Montreal students protest for the environment for 14th straight week

Friday's protest started with a few dozen people staging a die-in in front of Quebec Premier François Legault's office on McGill College Avenue, but by mid-afternoon the streets were full of demonstrators.

Friday's demonstrators call on all levels of government to address climate crisis now

The student protesters want the government to take action on climate change and say they hope through these demonstrations that the general population becomes more aware of what's at stake. (Ivanoh Demers/Radio-Canada)

Thousands of students marched through Montreal's streets for the 14th Friday in a row to demand all levels of government take action on environmental issues.

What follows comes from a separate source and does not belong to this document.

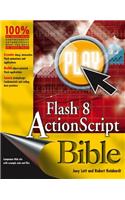 Flash® 8 ActionScript Bible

Maia Spiek, a member of the collective Pour le Futur Montréal, says rain or shine, people are happy to attend.

Thousands of students marched for the 14th consecutive Friday on May 17. (Ivanoh Demers/Radio-Canada)

"They sing. They cry. They are full of energy, and it's really a gratifying moment," Spiek said.

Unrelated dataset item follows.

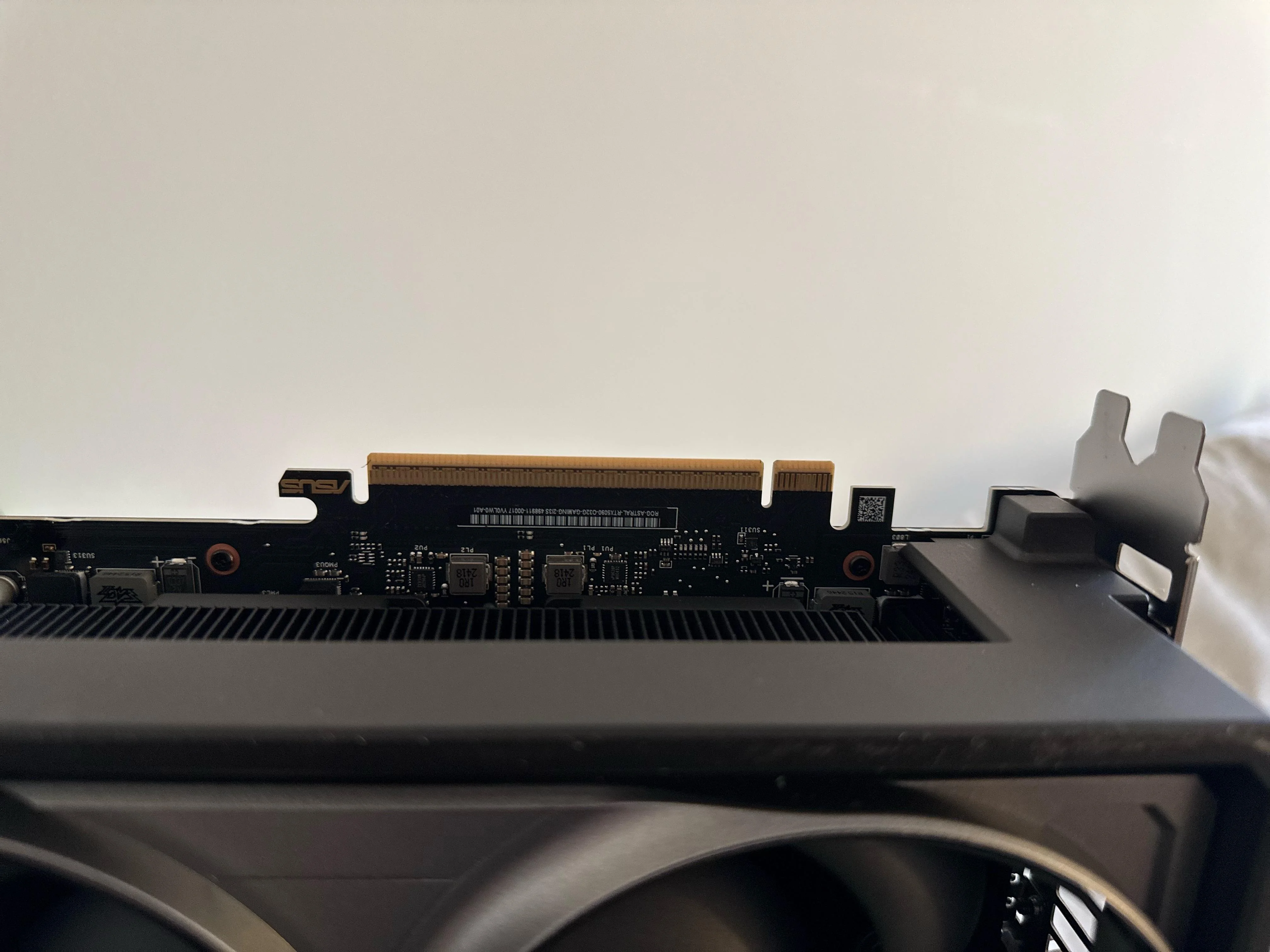 GPU ASUS ROG Astral RTX 5090 GPU ASUS ROG Astral RTX 5090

Protesters want fossil fuels to be abandoned and want the government to invest in more renewable forms of energy.

Protesters started the day with a die-in protest in front of Quebec Premier François Legault’s office in Montreal. (Ivanoh Demers/Radio-Canada)

Citizens have to grasp that the situation is critical, Spiek said.

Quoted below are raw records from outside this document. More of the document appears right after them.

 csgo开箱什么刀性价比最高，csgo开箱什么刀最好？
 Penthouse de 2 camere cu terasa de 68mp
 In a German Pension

Friday's protest started with about 50 people blocking Quebec Premier François Legault's office on McGill College Avenue.

The crowds say they're trying to pressure policymakers to ensure the planet doesn't heat up by more than 1.5 degrees Celsius by the end of the century. (Ivanoh Demers/Radio-Canada)

In Paris in 2015, world leaders agreed to a goal of keeping the Earth's global temperature increase by the end of the century to less than 2 degrees Celsius.

Former Plateau-Mont-Royal borough mayor Luc Ferrandez attended the march. He quit politics this week, saying the Projet Montréal administration is not taking a tough enough stance to protect the environment. (Ivanoh Demers/Radio-Canada)

Scientists now believe that keeping the increase to less than 1.5 degrees Celsius is a far safer limit for the world.

Right now, the world is on track to see temperatures rise by 4 degrees Celsius by 2100.